I can stake claim to being good at a few things. Rapidly learning song lyrics; finding the best french fries in any given city; recalling obscure music history facts that no one asked for. For all the things I do well, standardized testing (of any kind) isn’t even in the Top 10. Knowing this, and the weight that the LSAT carries for prospective law school applicants, I decided to invest in an in-person, intensive prep course to kick-start my formal study plan.
Last night was the first class of a five-week long course, and, as a proper prelude to the long road ahead, we dove in by taking a practice LSAT under realistic conditions. As I walked into the classroom at my old Alma mater (poetic, at best) I felt like the oldest person in the room. There wasn’t a lot of us, but my peers were fresh-faced, and some were friends from a previous semester’s class. The age gap was painfully obvious, but I felt calmer than I remember feeling when I was that age; a feeling that allowed me to simultaneously take seriously the gravity of what this kind of test means without betting my livelihood on it. I was ready, my peers looked ready, and there we were: ready.

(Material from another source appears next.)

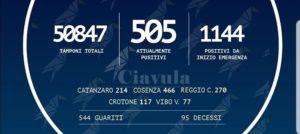 Coronavirus: in Calabria un solo positivo in più rispetto a ieri item-thumbnail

It’s 6 PM, the course is four hours long, and the first words out of the instructor’s mouth are. . .
“This will be torturous.”
As a technical trainer by day, I can’t imagine walking into a room of people who paid to learn and setting the stage with that. While I was nervous (because of the personally uncharted territory), tired (from the long work day), and hungry (because I forgot to eat dinner before class), I didn’t walk in feeling like what I was about to experience was going to, in any way, be torturous for me. Even after her comment, I still didn’t feel in danger. If anything, I was a little angry.
For any younger, anxious undergraduate in the room who might have been feeling unsure about the prospect of applying, getting into, and finishing law school – those words could have been damaging. I firmly believe that the way to educating others, particularly others who’ve paid to learn vital skills for a particular subject area that you might be particularly knowledgeable in, setting the tone for the course by projecting your own feelings about the exam is not only unproductive, it’s really not OK.
So much of what I’ve noticed about the culture of LSAT preparation is that everything about the way students give advice to others is to offer the most negative form of their opinion to dissuade them from endeavoring down what is, by all accounts, a difficult path. Spend five minutes Googling “will a LSAT score of 160 get me into law school?” and read any forum where strangers discourage and dissuade each other from pursuing a legal education. The negativity is pervasive.
Nevertheless, the one place it is not supposed to be pervasive is in the expensive, highly rated preparation course; a course that, if I had to wager a guess, most people don’t sign up for if they’re already an expert in the material.
I get it. The admissions process is beyond tough, and statistically, the odds aren’t in our favor of getting into one of the “Holy Trinity” schools. But, arbitrarily dissuading students, advice seekers, strangers, potential fellow colleagues. . . people, from pursuing something that they feel passionate about – directly or indirectly – it doesn’t make the applicant pool smaller. ..
It just makes you look like an a**hole.
After I got home last night, I felt myself falling into the “I’m not good enough for this” slump. Why? Because for a split second I let myself believe that whatever score I got on my first, cold practice exam was it. Because some stranger on the internet told someone else it was near impossible to get any higher. Because another stranger on the internet told another stranger who had just graduated from engineering school, that she shouldn’t quit her day job because she didn’t get a 170 on her most recent practice test.
Good teachers and instructors can shape the course of someone’s future, but in the absence of sage wisdom (or the façade of a positive attitude), it’s important to be able to lift yourself up by your bootstraps, be your own champion, and work smarter despite the opinions of others.